北垣知事の北海道視察

北海道調書(府庁文書 明24-0028)は、北垣国道知事が京都府知事在任中に、北海道を視察した際の随行職員による復命調書です。

第3代京都府知事・北垣国道知事は、琵琶湖疏水建設や京都商工会議所創設など数々の実績をあげたことが知られています。明治14年の就任以来京都府の発展に尽力してきた知事は、世紀の難工事であった琵琶湖疏水建設工事竣工の翌年の明治24年8~9月に、およそ一月半もの間京都を離れ、北海道各地の開墾概況・勧業等を出張視察しました。

復命調書には出立後から帰京までの巡回行程を詳しく記した日誌を添えて、道内開墾地並びに殖民地、気象、農作物試作等のほか、一行が視察した酒醸造、製糖、製麻等の諸会社の概況が33項目にも亘ってまとめられており、その中の農業開墾目的の移住者の心得では、「妄想ヲイダキ移住シテ困難ニ陥リタル例少ナカラズ」と当時の北海道の状況を伝えてくれます。ただ、復命調書には視察の背景・事情までは触れられていません。

さて、北垣知事は明治14年から明治34年に至るまで日記を残しており『北垣国道日記「塵海」』として出版され、この日記の中で内務大臣に北海道出張を伺った背景・事情について触れています。
京都を出立した明治24年8月8日の欄には、「管下有力ノ人民追々北海道移住出稼ヲ企望「〔ママ〕」シ、其得失・手続・位置万般ノ現況ヲ問フ者多シ 是レ余ガ数年北海道開拓ニ従事シタルヲ信ズルニヨルモノナリ。然ルニ明治7年以降ノ実況ヲ知ラズ。(中略)最モ殖民ニ適当ノ地ヲ跋渉シ、以テ其企望有志者ヲ誘導セント欲シ」と詳しく書き留めています。

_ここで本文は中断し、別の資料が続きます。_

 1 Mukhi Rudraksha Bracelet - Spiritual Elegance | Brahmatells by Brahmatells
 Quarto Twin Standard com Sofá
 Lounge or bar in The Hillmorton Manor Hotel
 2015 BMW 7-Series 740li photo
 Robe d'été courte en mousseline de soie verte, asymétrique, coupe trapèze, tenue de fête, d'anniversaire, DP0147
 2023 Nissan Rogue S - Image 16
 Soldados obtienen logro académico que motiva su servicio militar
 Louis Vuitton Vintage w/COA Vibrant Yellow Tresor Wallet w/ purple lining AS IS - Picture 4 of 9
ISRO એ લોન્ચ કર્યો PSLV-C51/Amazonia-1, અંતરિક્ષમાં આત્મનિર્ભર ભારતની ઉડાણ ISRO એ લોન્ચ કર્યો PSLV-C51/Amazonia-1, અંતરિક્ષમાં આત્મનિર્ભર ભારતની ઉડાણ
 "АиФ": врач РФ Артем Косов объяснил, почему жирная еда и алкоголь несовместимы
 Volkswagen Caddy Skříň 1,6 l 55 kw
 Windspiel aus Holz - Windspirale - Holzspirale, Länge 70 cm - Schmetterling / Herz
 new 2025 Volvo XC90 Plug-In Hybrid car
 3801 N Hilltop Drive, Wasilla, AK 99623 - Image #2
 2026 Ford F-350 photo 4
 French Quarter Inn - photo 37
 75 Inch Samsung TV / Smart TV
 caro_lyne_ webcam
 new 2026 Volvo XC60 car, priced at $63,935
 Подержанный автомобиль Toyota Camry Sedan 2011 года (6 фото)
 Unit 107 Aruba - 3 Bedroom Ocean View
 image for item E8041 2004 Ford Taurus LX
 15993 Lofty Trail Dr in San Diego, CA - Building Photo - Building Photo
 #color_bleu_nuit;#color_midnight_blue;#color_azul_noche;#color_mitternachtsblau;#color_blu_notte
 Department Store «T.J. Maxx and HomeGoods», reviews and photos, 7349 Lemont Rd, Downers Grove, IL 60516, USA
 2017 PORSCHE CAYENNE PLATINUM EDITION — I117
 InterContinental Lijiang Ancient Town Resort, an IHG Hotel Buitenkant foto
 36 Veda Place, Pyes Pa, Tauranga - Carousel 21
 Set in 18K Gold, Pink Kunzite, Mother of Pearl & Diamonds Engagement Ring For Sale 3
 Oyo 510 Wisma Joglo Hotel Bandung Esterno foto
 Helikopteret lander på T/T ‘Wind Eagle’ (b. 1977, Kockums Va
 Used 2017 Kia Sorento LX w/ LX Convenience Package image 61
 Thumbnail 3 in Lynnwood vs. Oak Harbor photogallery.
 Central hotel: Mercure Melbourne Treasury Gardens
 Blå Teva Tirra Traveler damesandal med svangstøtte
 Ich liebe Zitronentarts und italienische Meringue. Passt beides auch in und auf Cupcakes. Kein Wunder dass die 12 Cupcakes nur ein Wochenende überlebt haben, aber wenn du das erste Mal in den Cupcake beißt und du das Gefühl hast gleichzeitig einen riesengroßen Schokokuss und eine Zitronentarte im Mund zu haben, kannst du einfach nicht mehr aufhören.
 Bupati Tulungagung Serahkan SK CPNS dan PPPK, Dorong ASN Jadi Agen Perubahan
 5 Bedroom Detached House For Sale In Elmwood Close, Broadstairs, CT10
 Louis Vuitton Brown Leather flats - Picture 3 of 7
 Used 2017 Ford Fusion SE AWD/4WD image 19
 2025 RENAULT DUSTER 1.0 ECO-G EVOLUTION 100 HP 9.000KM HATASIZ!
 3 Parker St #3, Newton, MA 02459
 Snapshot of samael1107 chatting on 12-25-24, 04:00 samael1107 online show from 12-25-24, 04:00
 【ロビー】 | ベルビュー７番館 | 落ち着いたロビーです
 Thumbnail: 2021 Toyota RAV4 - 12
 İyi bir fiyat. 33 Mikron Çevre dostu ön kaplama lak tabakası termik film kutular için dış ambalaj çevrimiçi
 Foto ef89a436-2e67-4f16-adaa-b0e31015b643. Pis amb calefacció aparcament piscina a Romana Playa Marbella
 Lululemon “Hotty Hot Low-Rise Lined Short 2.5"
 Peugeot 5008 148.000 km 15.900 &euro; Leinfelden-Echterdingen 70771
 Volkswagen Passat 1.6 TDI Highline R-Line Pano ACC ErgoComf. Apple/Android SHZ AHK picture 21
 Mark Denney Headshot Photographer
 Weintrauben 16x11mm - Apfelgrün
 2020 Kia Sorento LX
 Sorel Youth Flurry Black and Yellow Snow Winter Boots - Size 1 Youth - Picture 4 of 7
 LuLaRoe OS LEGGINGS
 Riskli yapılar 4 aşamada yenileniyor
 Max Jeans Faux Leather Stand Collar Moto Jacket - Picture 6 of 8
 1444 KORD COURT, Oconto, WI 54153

当時の京都府では北海道移住を希望する多くの人が、開拓使(北方開拓のため置かれた官庁)勤務歴がある北垣知事へ様々な教示を頼った状況や、その多くの人の期待に応えるべく最新の概況把握のため北海道へ赴く北垣知事の強い熱意が窺えます。

この視察から10か月後、知事退任を迎えることとなった北垣知事は北海道庁長官に就任し、活躍の場を北海道へ移すこととなります。